The university has announced a $2 million increase in financial aid spending for undergraduates that will reduce the amount students are expected to contribute from summer earnings and significantly increase financial support for students with the highest levels of financial need. The changes, which add to Yale’s robust need-based financial aid policies, will go into effect for the 2016-2017 academic year.
Caesar Storlazzi, university director of financial aid, and Jeremiah Quinlan, dean of undergraduate admissions, announced the changes at a Dec. 7 Yale College Council town hall meeting. The increased budget will allow for a 15% reduction (from $3,050 to $2,600) in the summer income contribution component of the need-based financial aid awards for U.S. and Canadian sophomores, juniors, and seniors. Following current policy, freshmen will be expected to contribute a reduced amount ($1,625), and other international students are exempt from the summer income contribution. Yale will also maintain the Student Employment expectation at its current level ($2,850 for freshmen, $3,350 for sophomores, juniors, and seniors).

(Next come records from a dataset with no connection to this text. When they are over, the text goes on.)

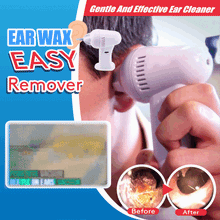 将图片加载到图库查看器,Ear Wax Easy Remover
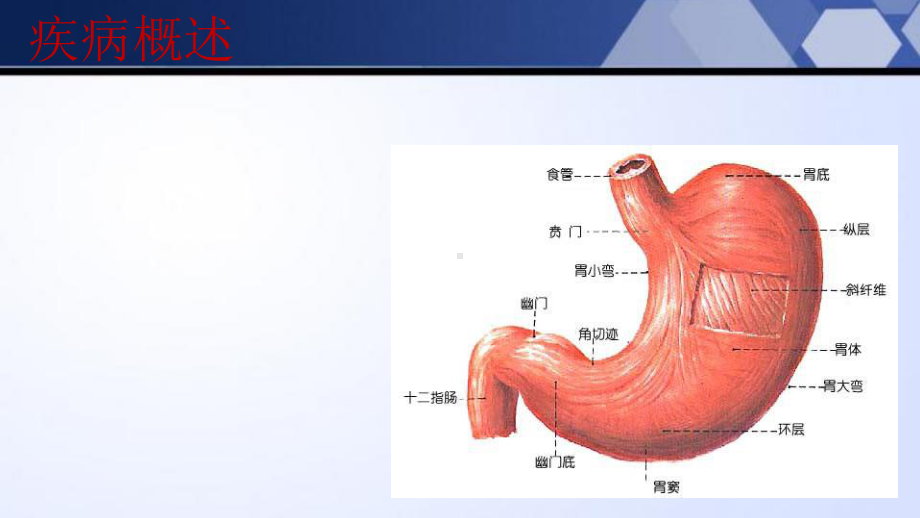 胃癌术后护理课件.ppt_第3页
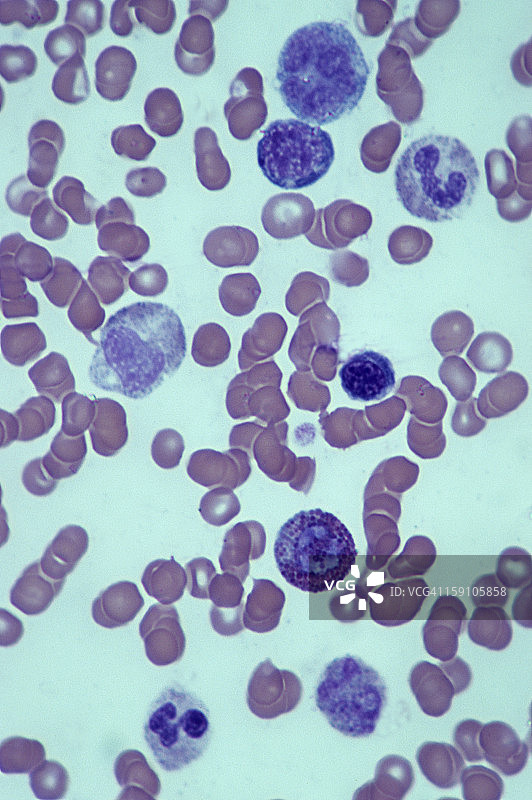 骨髓早期发育阶段（250倍放大）图片素材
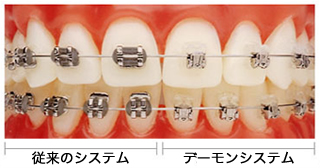 従来のシステムとデイモンシステムの比較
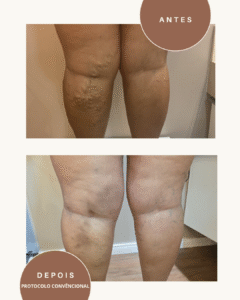 Green and Beige Minimalist Skincare Before After Collage Instagram Post (2)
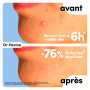 Dr. Herma - Patch Anti Bouton Invisible - Traitement Discret Rapide & Efficace de l’Acné 6 à 8h - Formule Médicale Acide Salicyl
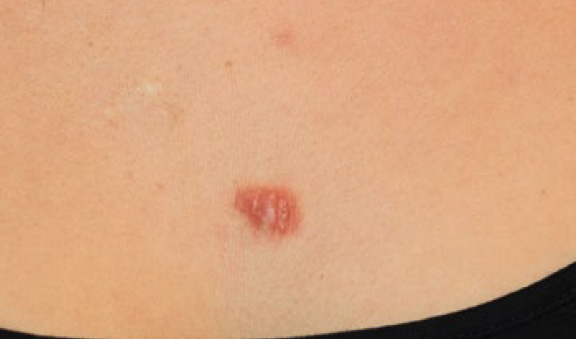 chest keloid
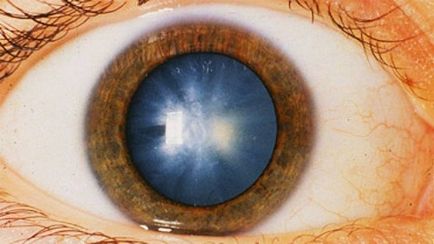 Simptomele de presiune a ochilor și tratament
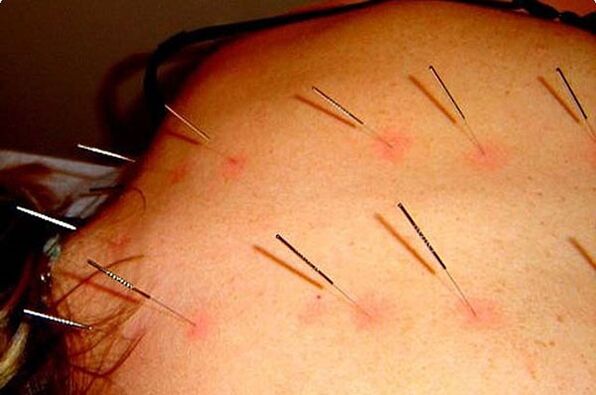 Acupunctura - o metodă de tratare a osteocondrozei cervicale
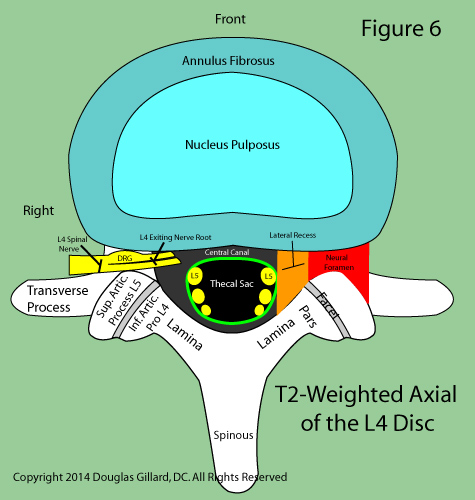 Slipped Disc Mabuhay Chiropractic Clinics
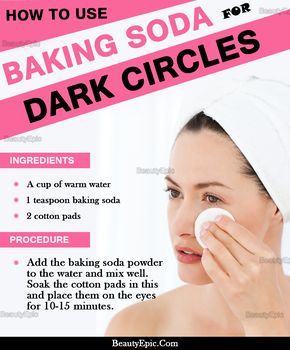 Baggy Eyes, Skin Care Routine For 20s, Remove Dark Circles, Under Eyes, Dark Circles Under Eyes, Dark Circle, Natural Treatments, Eye Care, Dark Circles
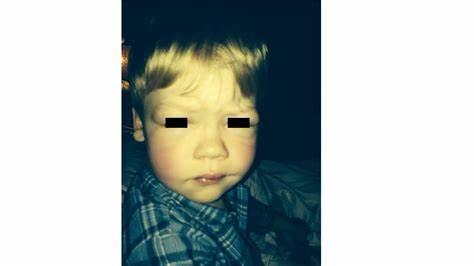 Нефротический синдром диета 02-23. Первичный нефротический синдром - YouTube 02-23. Первичный нефротический синдром - YouTube Нефротический синдром диета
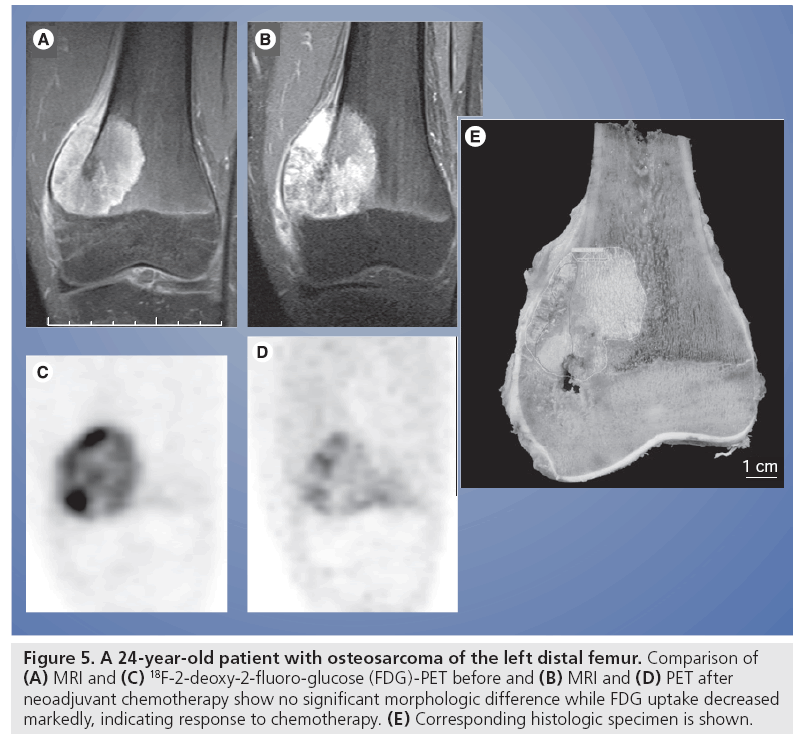 can you have radiation for lung cancer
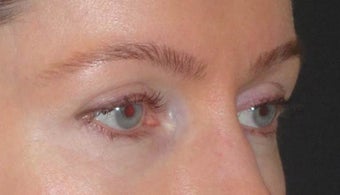 Botox 967782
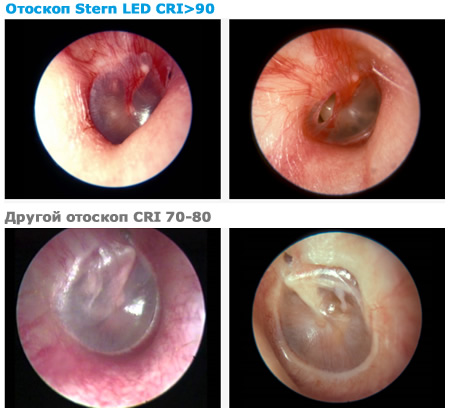 Цветопередача отоскопа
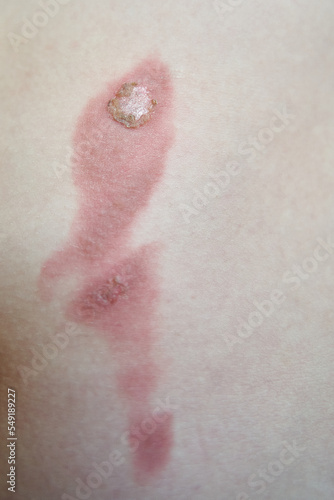 Image of skin with thermal skin burn after boiling water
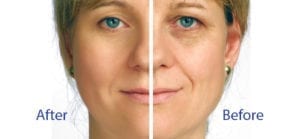 Microcurrent Facial before and after "The Turbo Lift"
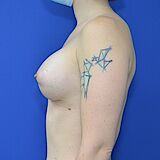 Brustvergrößerung, 39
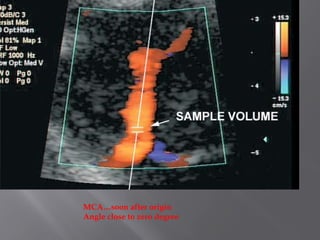 MCA…soon after origin
Angle close to zero degree
 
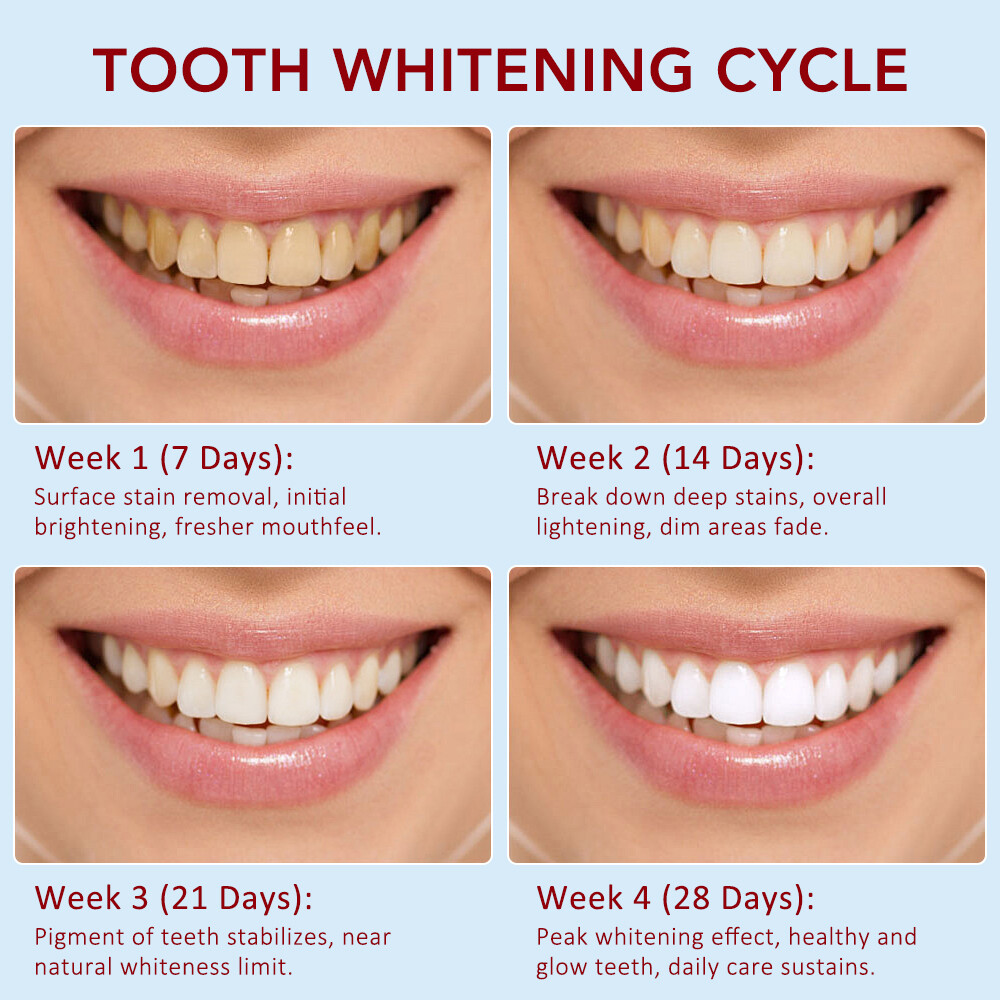 2PC Sp-6 Probiotics Whitening Toothpaste Brightening Breath Removing Toothpaste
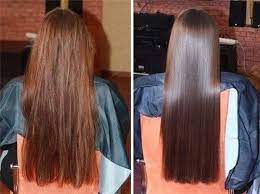 فوائد و أضرار و أنواع الفيلر للشعر وما هي تكلفة hair filler موقع ر كن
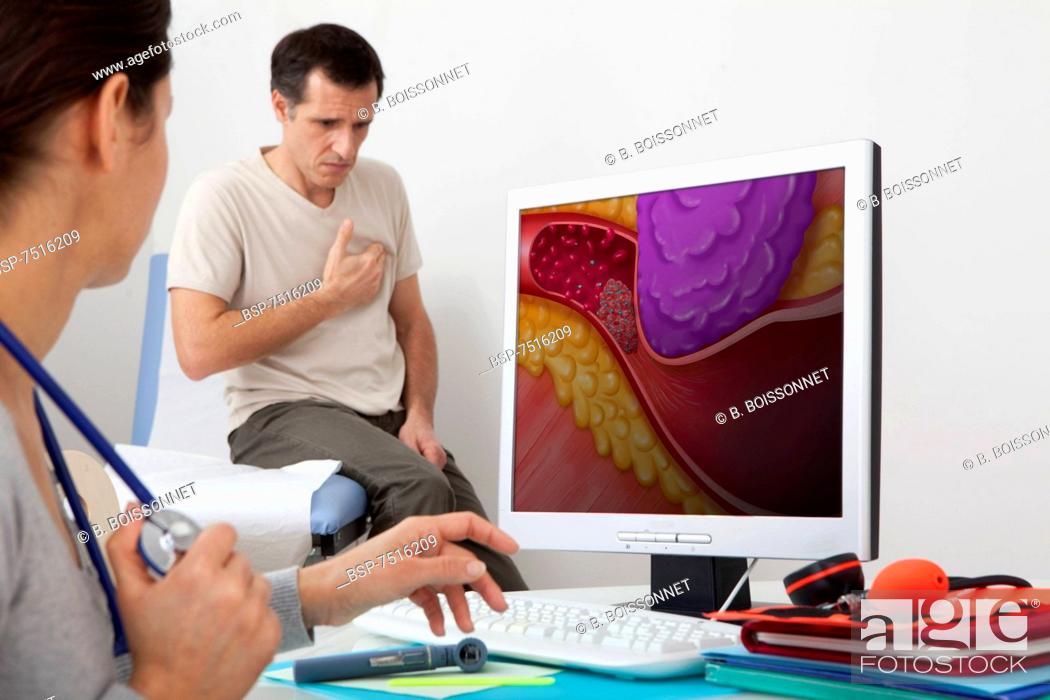Stock Photo: CARDIOLOGY CONSULTATION MAN Models. On screen, drawing representing an artery obstructed following a stenosis caused by the compression of the tumor.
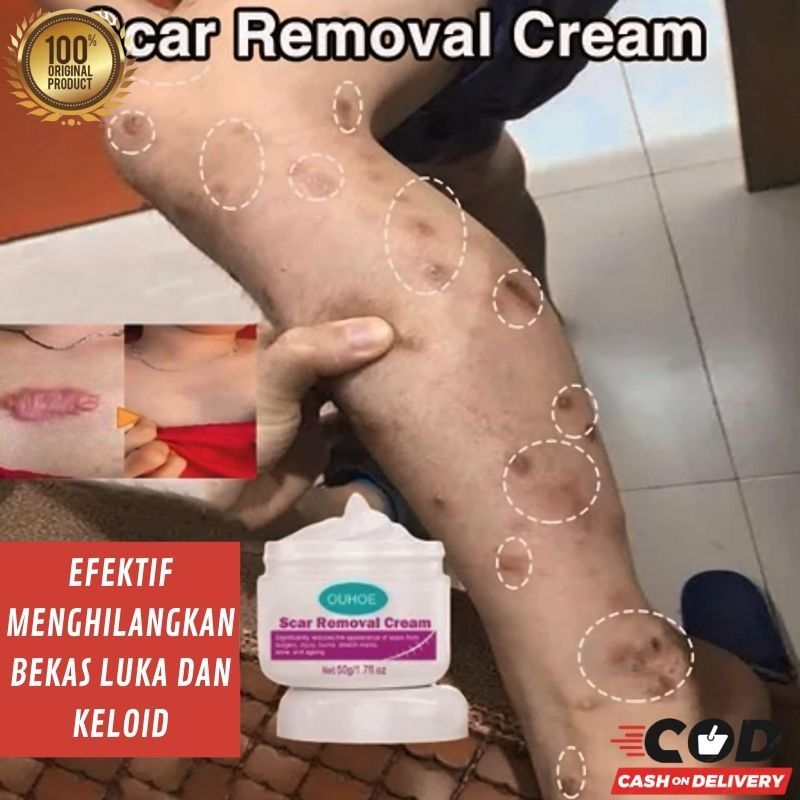Krim penghilang bekas luka koreng bintik hitam bekas gigitan nyamuk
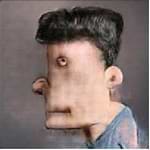 Ferdinand Trendelenburg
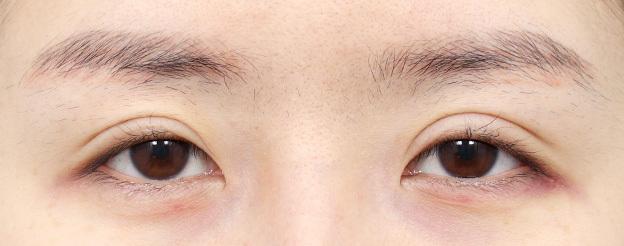AB plastic surgery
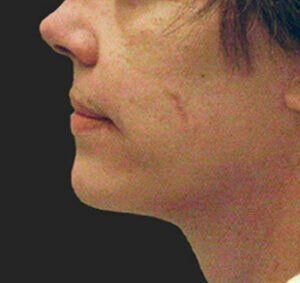 Case # 4 after photo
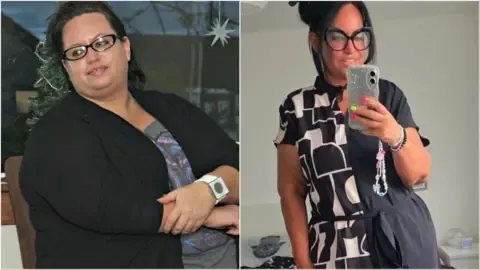 They Dropped Weight Using Shots – Followed By the Sagging Skin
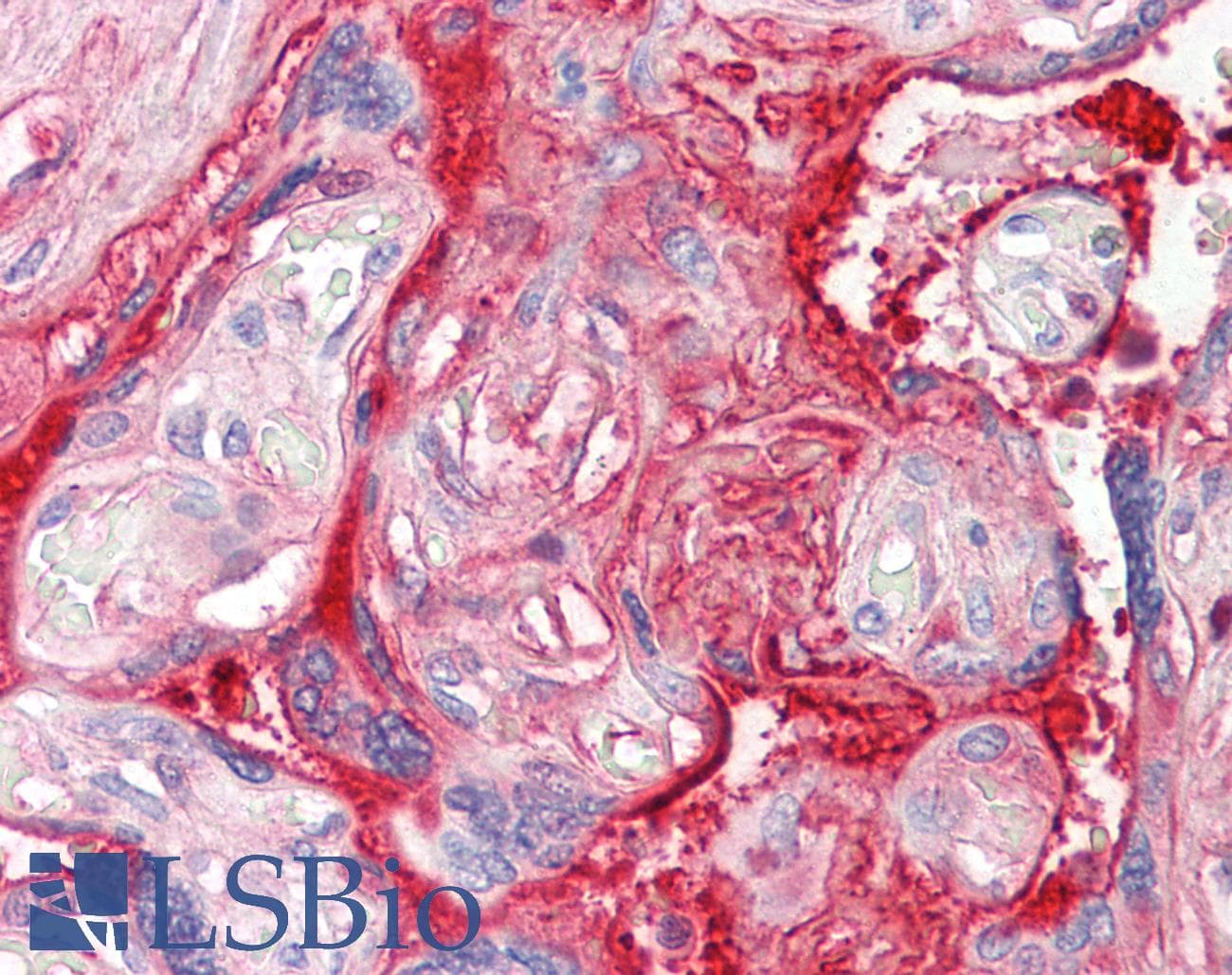 IHC-plus™ FN1 / Fibronectin Antibody (C-Terminus)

Storlazzi commented, “Yale remains committed to ensuring that Yale College is affordable and accessible to all talented students admitted.”
During the town hall meeting Storlazzi and Quinlan also highlighted several enhancements to the supplemental aid available to students with the highest financial need. American and Canadian students in this category are eligible for a $2,000 “college start-up fund” freshman year, and will see their summer contribution for sophomore, junior, and senior year reduced more than 40% (from $3,050 to $1,700). All other international students on financial aid will continue to receive $1,500 annually to support travel, housing, and meals during holiday breaks, and those international students with high financial need will continue to receive a $1,000 first-year allowance. (A smaller number of international students with the highest financial need have a first-year allowance of $2,000.)
For more than 50 years, Yale has admitted students without regard to their ability to pay for their education, and has met the demonstrated financial need of all admitted students. In 2001, Yale became one of the first American universities to extend this “need-blind” admissions policy to international students as well.
Yale has not included loans in its financial aid awards for nearly a decade. The average grant to undergraduates receiving financial aid was $44,900, and 83% of members of the Yale College Class of 2015 graduated debt-free. The university spent roughly $122 million on undergraduate financial aid in 2015-2016.